Add new datatypes for wikitext
Open, MediumPublic

Description

We may create a new datatype for wikitext. Values may have simple html formatting (bold, italics, etc) and link (internal, external), but not templates, parser functions, magic words and most tags. The text may be:

  1. Untranslated wikitext
  2. Monolingual wikitext
  3. Multilingual wikitext (most usually)

This may be exported as three ways:

  1. Wikitext used in Wikimedia project (e.g. [[c:|Commons]] is a '''Wikimedia''' project.) (Default display in Wikidata interface; need to resolve T42128 first)
  2. Wikitext used in other 3rd-party MediaWiki project (e.g. [[commons:|Commons]] is a '''Wikimedia''' project.)
  3. HTML (e.g. <a href="https://commons.wikimedia.org/wiki/">Commons</a> is a <b>Wikimedia</b> project.)

Use cases:

  1. Several usage note properties (https://www.wikidata.org/wiki/Property:P41 for example)
  2. Pages like https://www.wikidata.org/wiki/Wikidata:Tools/External_tools , which is proposed to be converted to items
  3. File descriptions in Commons may contains links to other pages
  4. See T139573: Simple html formatting within Wikidata labels

Event Timeline

Another use case, several times discussed and used on frwiki, is image legends which frequently use wikitext on Wikipedia.

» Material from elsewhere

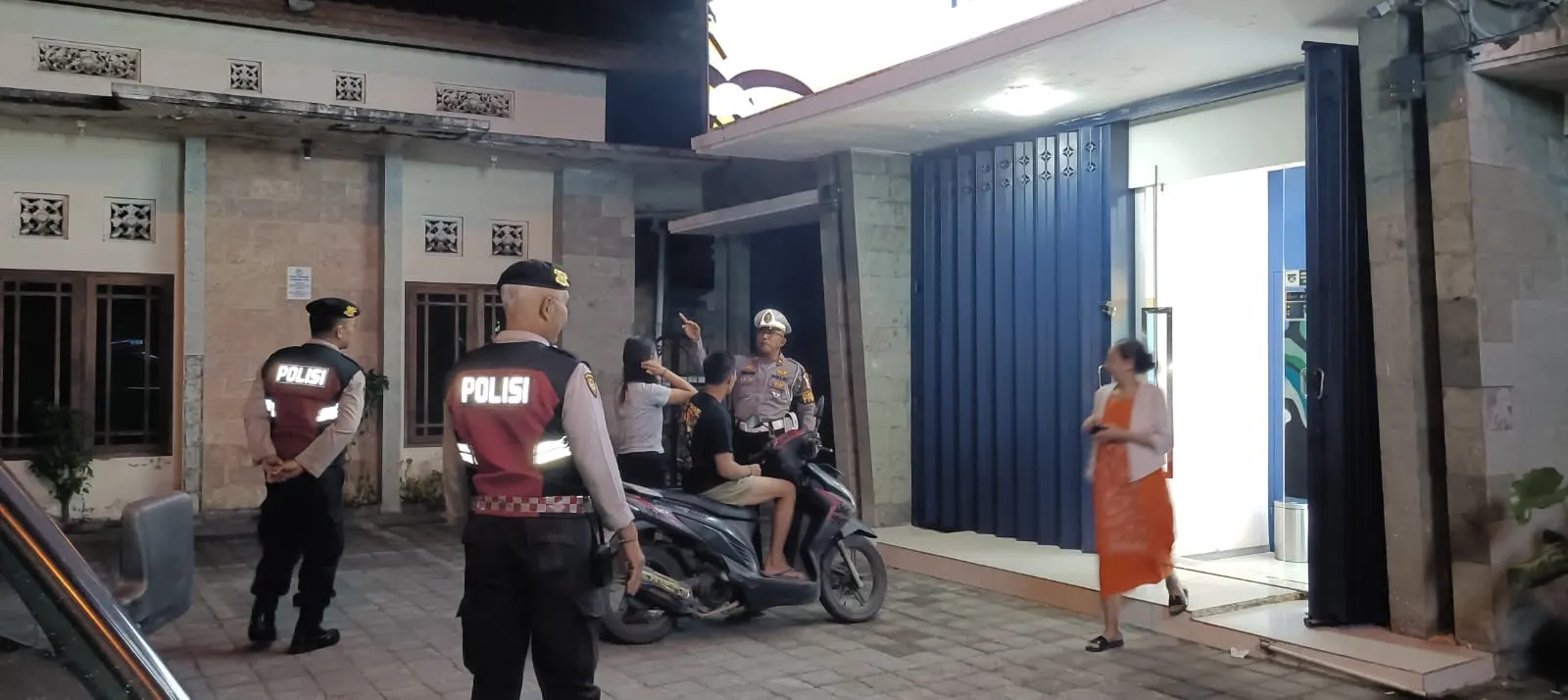 Samapta Polsek Abiansemal Patroli Dialogis Jaga Keamanan ATM Mandiri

Bugreporter renamed this task from Add a new datatype for wikitext to Add new datatypes for wikitext.Feb 15 2017, 7:53 PM

As we are still waiting for T86517 to be able to add chemical nomenclature to Wikidata, that won't be possible without simple formatting.

Formatting (like <sub>, <sup>, <i> and <small>) is inseparable part of chemical systematic names and the need to use formatting is clearly indicated in the IUPAC nomenclature recommendations. Inability to add fully correct chemical names will be a significant step backwards, especially in view of the fact that many other chemistry databases provide fully correct names (cf. ChEBI database for example: (R)-methyl phenyl sulfoxide). It is understandable that label/description/aliases are not meant for this, because are just simple text, but properties should allow the addition of correct data.

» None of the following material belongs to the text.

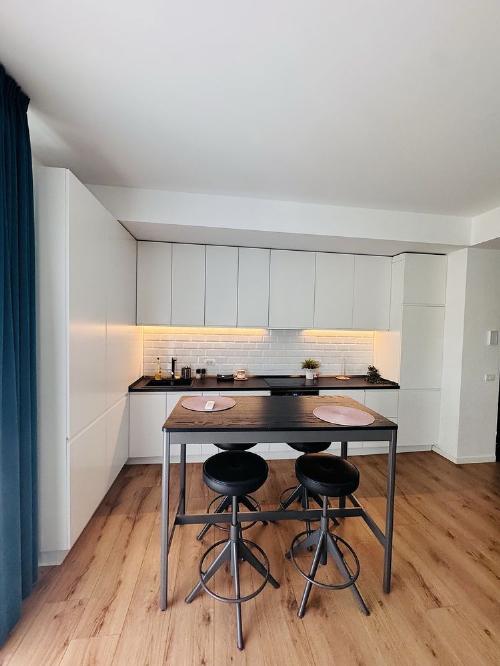 3 rooms with their own courtyard | Tunari | Parking space included 3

It is therefore important to:

  1. use simple formatting with multilingual and monolingual text datatypes or
  2. provide different way to indicate which parts of the multilingual/monolingual values should be formatted by the end-user and how, e.g. by using regex in specific property that (a) would format the value in WD and (b) could be used by the end-user of data.

Using the second option has some limitations, e.g. right now we are losing information about which parts of the title should be italic, what is quite important in reusing the titles of scientific papers, e.g. Anti-complement Activity of Constituents from the Stem-Bark of //Juglans mandshurica// – because of this I'm not able to reuse WD data, as imported title won't be typographically correct. Seems a minor problem? Maybe, but this is a problem that decides whether to use the title or not.

I am considering implementing a prototype for this (as part of the non-WMF deployed extension MathSearch). I am worried this might cause a heavy load on the current SPARQL endpoint backed by blazegraph.

Does anyone know if one can mark a datatype as exempt from the SPARQL endpoint?

An alternative to this datatype, would be to store wikitext on the wiki in templates and develop an API to get the template parameters together with the wikidata item data. When looking at the structured data on common projects, it seems that the data stored on-wiki and in the media information are disjunct. I think it would be useful to get the image's description value and the rest of the mediainformation via one endpoint. If it were easy to read and write template parameters via an API, they would probably already exist. Thus, I think this alternative is better but harder (too hard) to implement.